GIVEN DATA below:
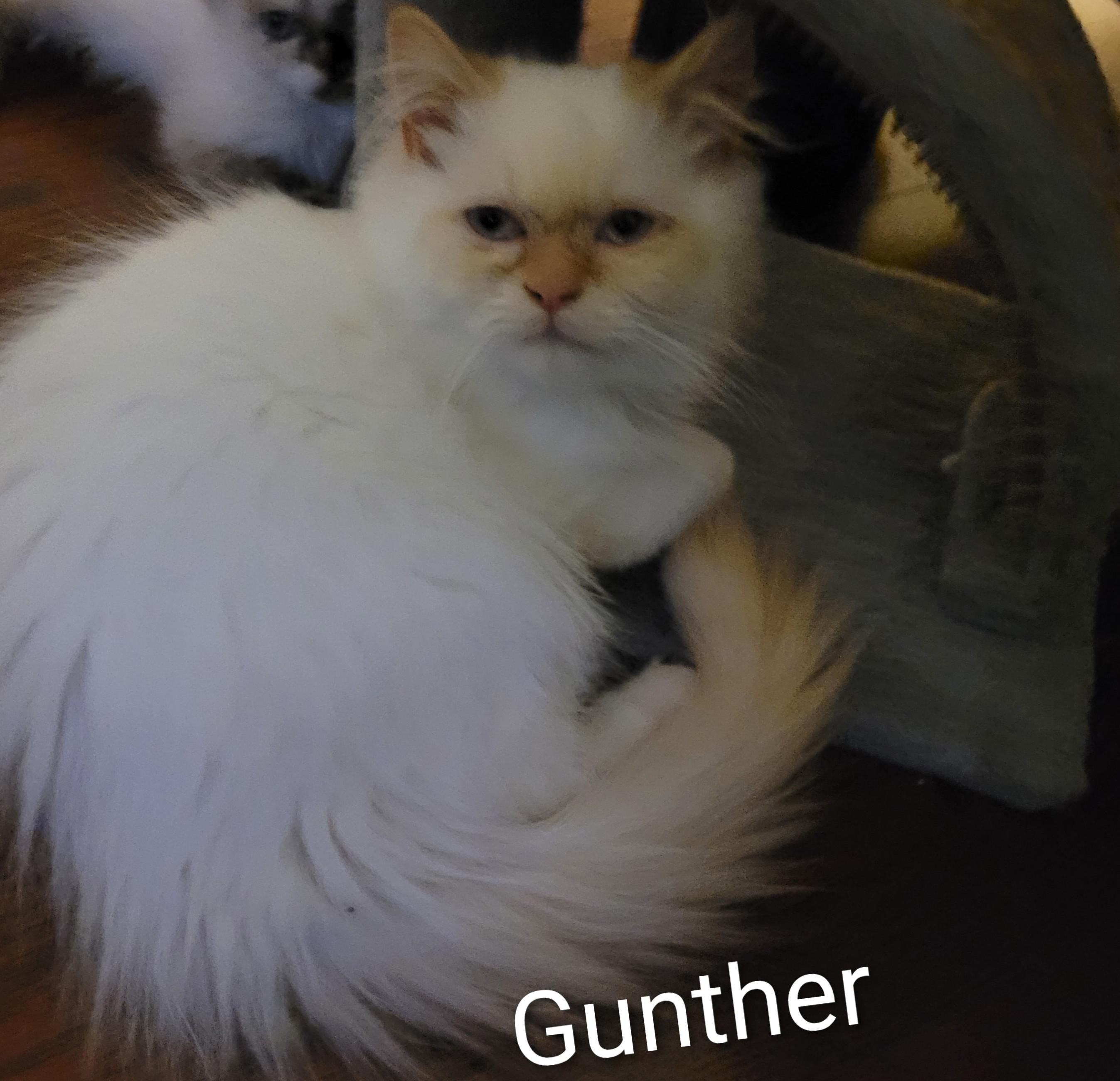Gunther (m) Himalayan Flame point Siamese, an adoptable Himalayan in Ottawa, ON, K4A 0P3 | Photo Image 3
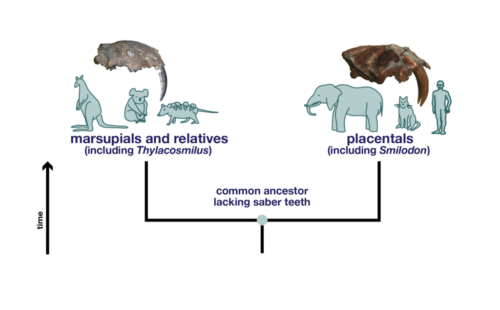 The ancestor of marsupials and placentals did not have saber teeth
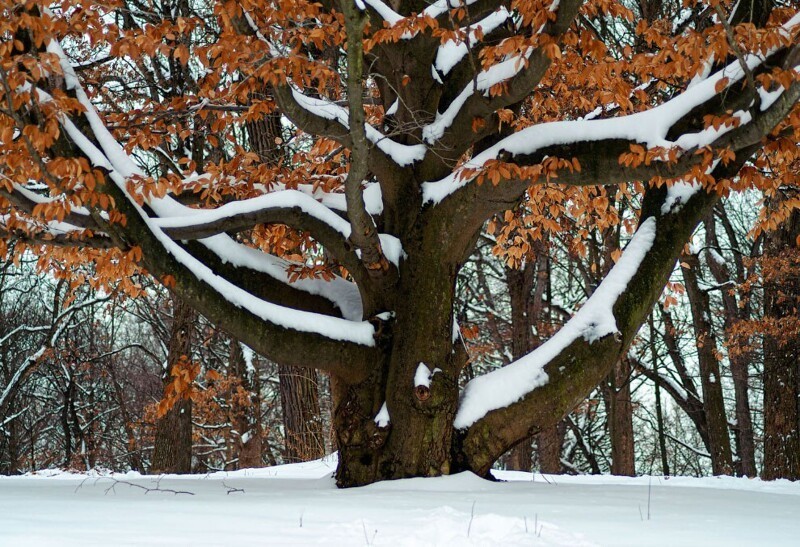 Зима в Иллинойсе. (Фото Hank Erdmann):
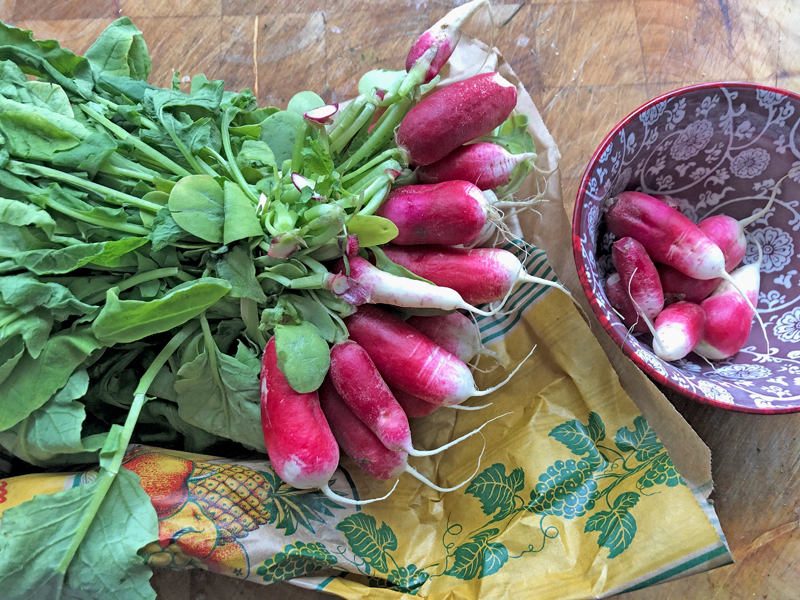 Blad van de radijs als basis van een pesto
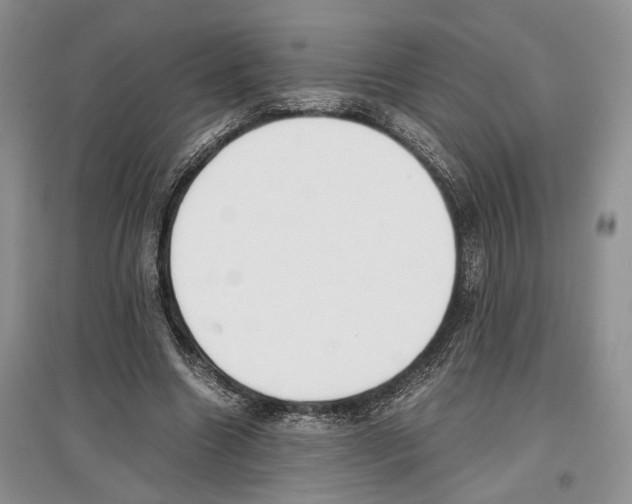 X0000097300538200803141534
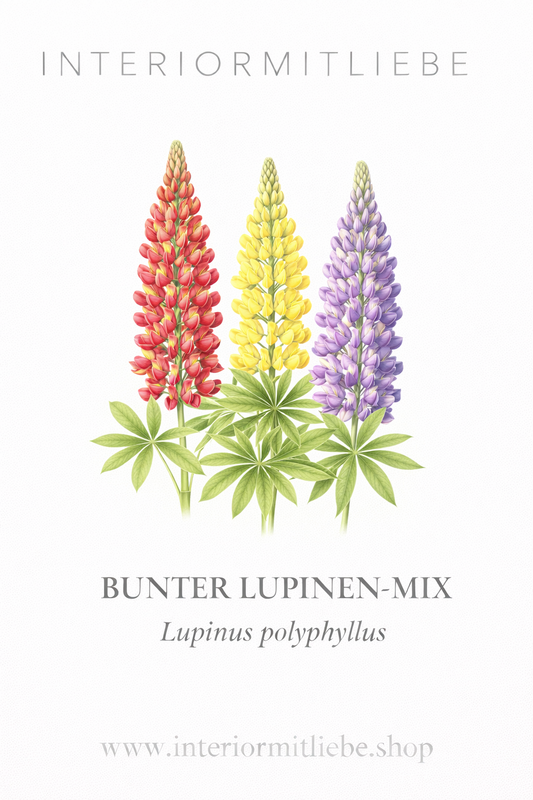 Bunter Lupinen Mix mehrjährig – Farbenfroher Blickfang für den Garten
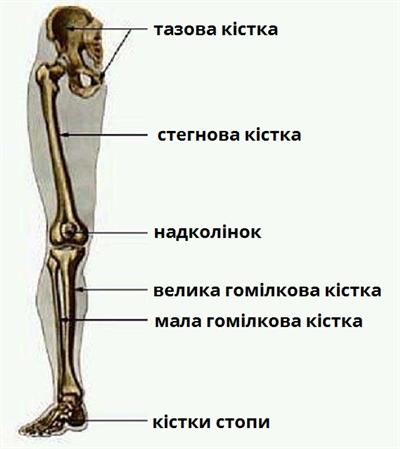 скелет нога.jpg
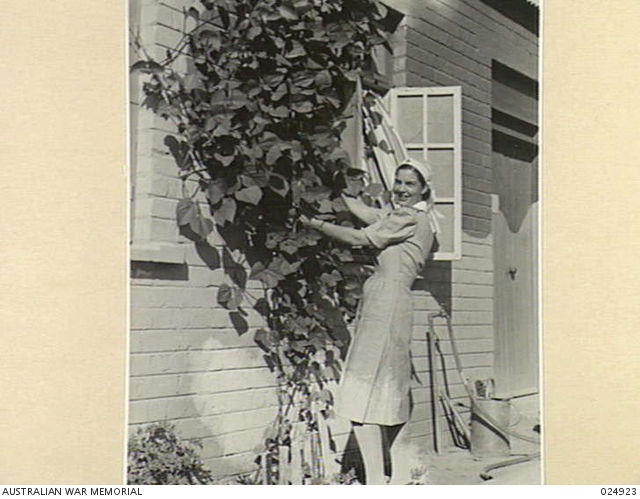 GAZA RIDGE, PALESTINE. 1942-08-30. V.A.D. FLORENCE OFFICER. OF GARAH, N ...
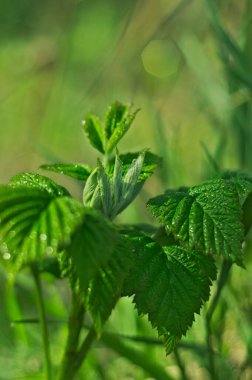 Parlak yeşil ahududu yaprakları. Böğürtlen yaprakları güneş ışığıyla aydınlatılır. Sabah çiğ taneleri. Telefon ve tablet için bitkilerin geçmişi. Yaprak şekli ve dokusu. 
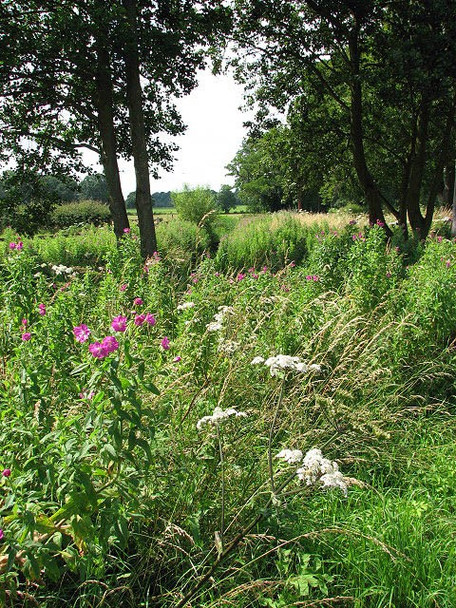Photo 6"x4" Wild flowers growing by the roadside Broom Green c2008
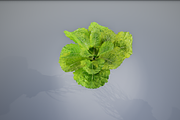 lettuce grean, a Food & Drink 3D Model by AndrewWhite (Thumbnail 12 of 16)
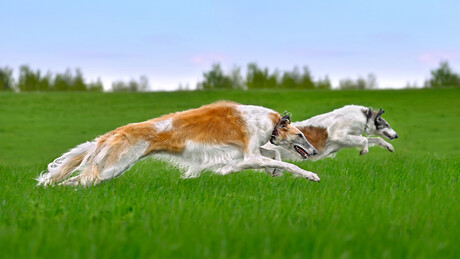 Где су гологруде активисткиње када нам требају? "Политико" о руским експериментима над српским псима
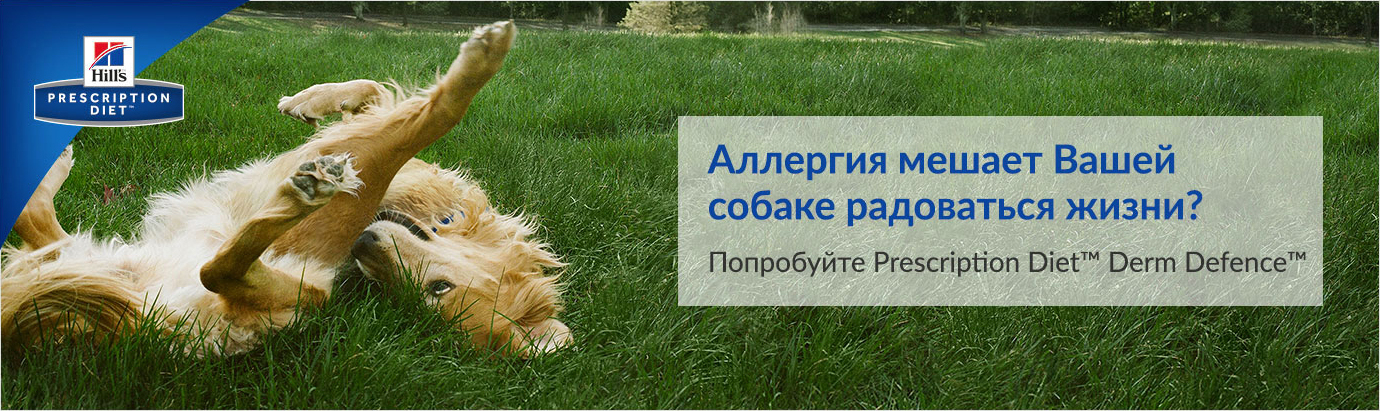 Зоонорка Интернет Магазин Корма
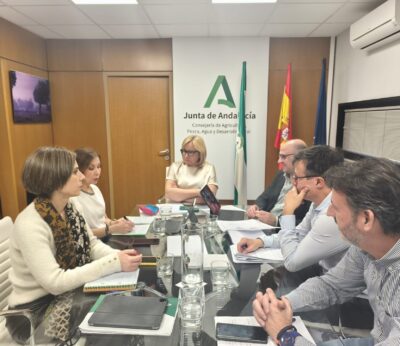 La Junta perfila ayudas para el campo tras las borrascas en diálogo con el sector agrario andaluz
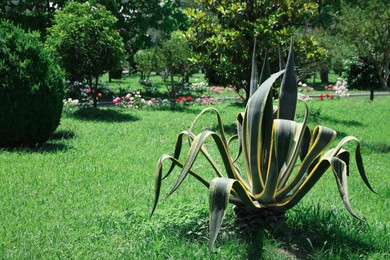 Photo of Beautiful agave plant with green leaves outdoors on sunny day, space for text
End of GIVEN DATA.
== TASK BRIEF ==
Retype, word for word, the line containing "Bunter Lupinen Mix" and each line after it through the end of the data, leaving any picture out.

== REPLY ==
 Bunter Lupinen Mix mehrjährig – Farbenfroher Blickfang für den Garten
 скелет нога.jpg
 GAZA RIDGE, PALESTINE. 1942-08-30. V.A.D. FLORENCE OFFICER. OF GARAH, N ...
 Parlak yeşil ahududu yaprakları. Böğürtlen yaprakları güneş ışığıyla aydınlatılır. Sabah çiğ taneleri. Telefon ve tablet için bitkilerin geçmişi. Yaprak şekli ve dokusu. 
Photo 6"x4" Wild flowers growing by the roadside Broom Green c2008
 lettuce grean, a Food & Drink 3D Model by AndrewWhite (Thumbnail 12 of 16)
 Где су гологруде активисткиње када нам требају? "Политико" о руским експериментима над српским псима
 Зоонорка Интернет Магазин Корма
 La Junta perfila ayudas para el campo tras las borrascas en diálogo con el sector agrario andaluz
 Photo of Beautiful agave plant with green leaves outdoors on sunny day, space for text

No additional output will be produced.